■ Task details: Could you reproduce, word for word, everything below from the line containing "Prancha BodyBoard The" down to the line containing "Crime-Mental - Harrismatic", with both of those lines included and no others?

■ Data for review:
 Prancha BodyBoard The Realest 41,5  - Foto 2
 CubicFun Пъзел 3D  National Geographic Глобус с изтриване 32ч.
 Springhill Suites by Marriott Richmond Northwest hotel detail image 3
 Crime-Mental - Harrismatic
==
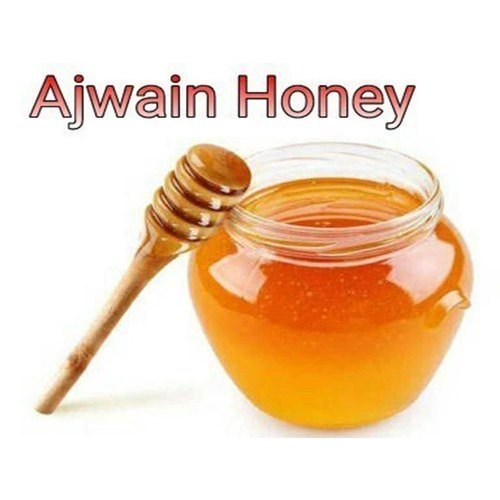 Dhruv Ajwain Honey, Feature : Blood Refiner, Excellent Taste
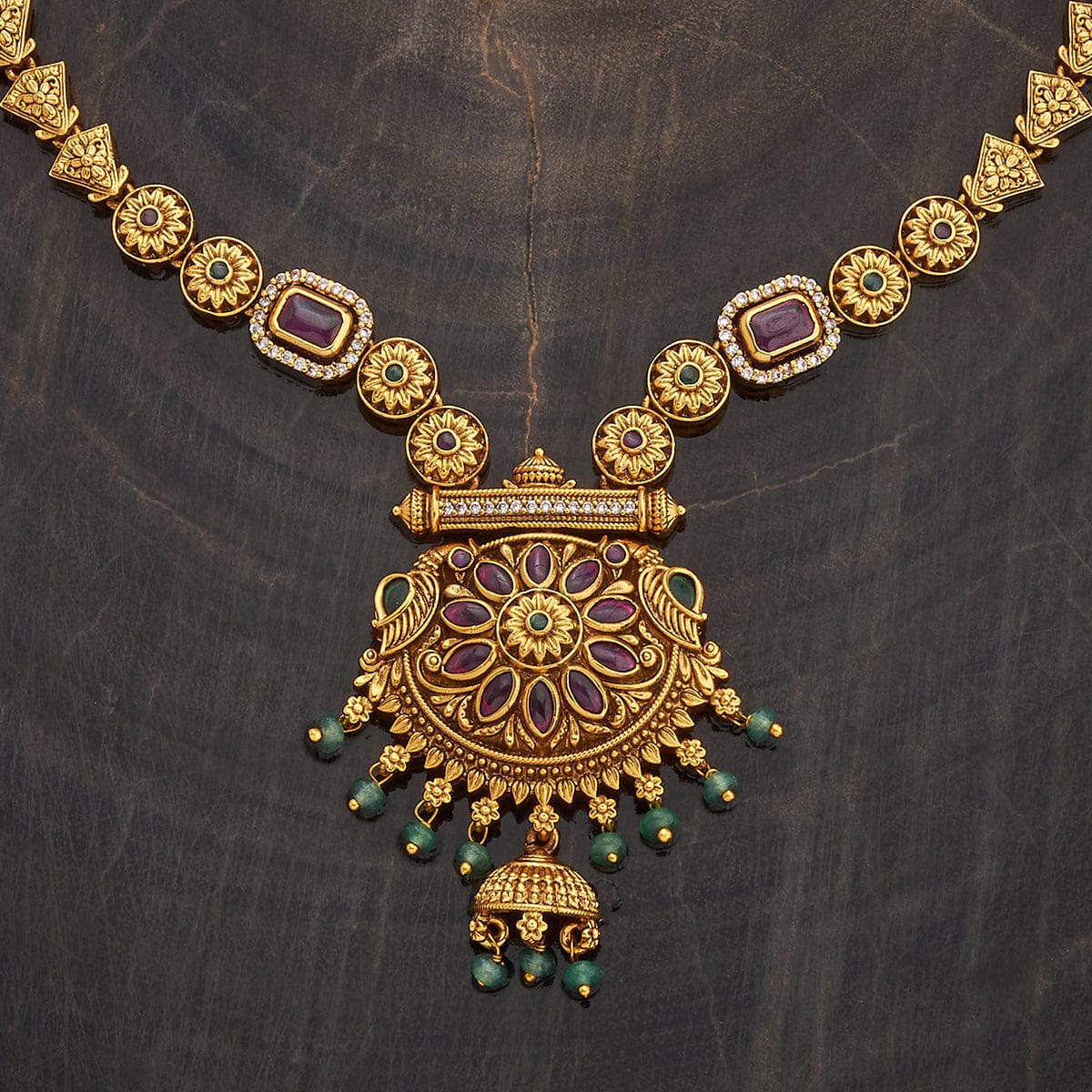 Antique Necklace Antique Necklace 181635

■ Output for this exercise:
 Prancha BodyBoard The Realest 41,5  - Foto 2
 CubicFun Пъзел 3D  National Geographic Глобус с изтриване 32ч.
 Springhill Suites by Marriott Richmond Northwest hotel detail image 3
 Crime-Mental - Harrismatic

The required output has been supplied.